Israël est-il en train de devenir la nouvelle puissance hégémonique du Moyen-Orient ? La réponse à cette question est importante.
Empêcher l’émergence d’une puissance hégémonique rivale dans la région — un État disposant d’une puissance militaire et économique prépondérante — en Eurasie est depuis longtemps un objectif central de la politique étrangère américaine. Pendant la guerre froide, Washington craignait la domination soviétique sur l’Europe. Aujourd’hui, les décideurs politiques américains s’inquiètent de voir l’armée chinoise, dont les capacités ne cessent de croître, évincer les États-Unis des marchés économiques lucratifs de l’Asie. Les États-Unis ont également agi à plusieurs reprises pour empêcher leurs proches alliés en Europe et en Asie de devenir des concurrents militaires, en leur promettant la protection militaire américaine afin de les maintenir dans un état de faiblesse et de dépendance.

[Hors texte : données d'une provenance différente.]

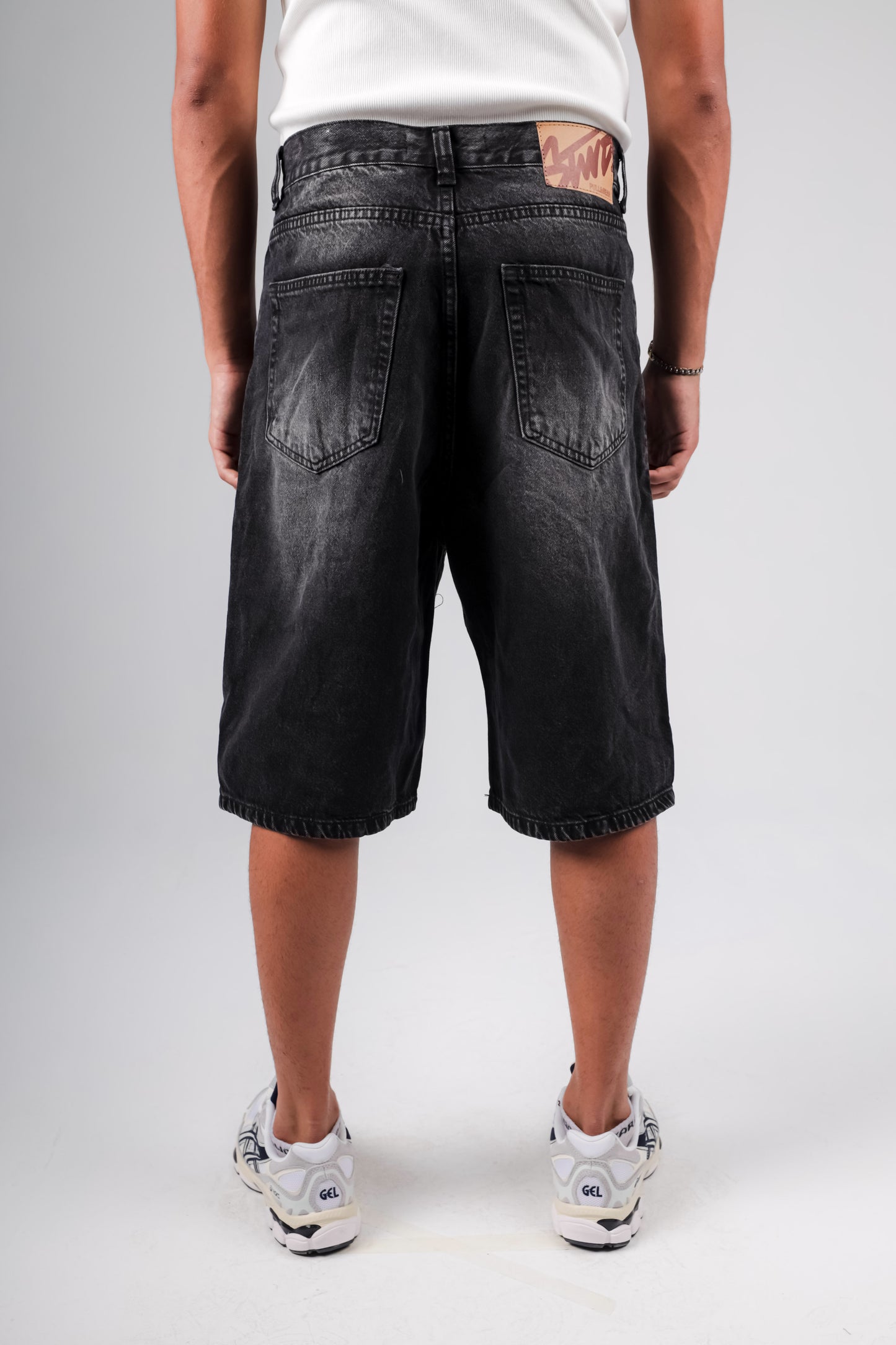 Baggy denim short in black washed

Historiquement, cependant, les États-Unis n’ont jamais été confrontés à des rivaux hégémoniques viables au Moyen-Orient. Les prétendants potentiels, tels que l’Iran, l’Arabie saoudite, la Turquie et l’Irak, ne disposent pas des capacités militaires et des moyens économiques nécessaires pour établir leur domination sur les autres. La région est également divisée par une méfiance de longue date. Pour ceux qui sont favorables au retrait des États-Unis, cela a été un argument de poids. En l’absence de véritable challenger hégémonique, Washington n’a pas à craindre que le retrait américain du Moyen-Orient aboutisse à l’exclusion définitive des États-Unis de la région.
La politique étrangère agressive menée par Israël au cours des deux dernières années a remis en question ces hypothèses de longue date. À première vue, Israël présente désormais certains des signes d’une domination régionale. Il a pu agir en toute impunité, exerçant une force militaire punitive contre les pays de la région et imposant sa volonté à ses adversaires. Il a étendu ses frontières de facto avec de nouvelles « zones tampons » au Liban et en Syrie, et a mené à bien ou tenté des assassinats au Liban, au Yémen, en Iran, au Qatar et à Gaza. Ces efforts ont modifié l’équilibre des pouvoirs dans la région en faveur d’Israël, qui a prouvé que ses capacités militaires dépassaient de loin celles de ses voisins.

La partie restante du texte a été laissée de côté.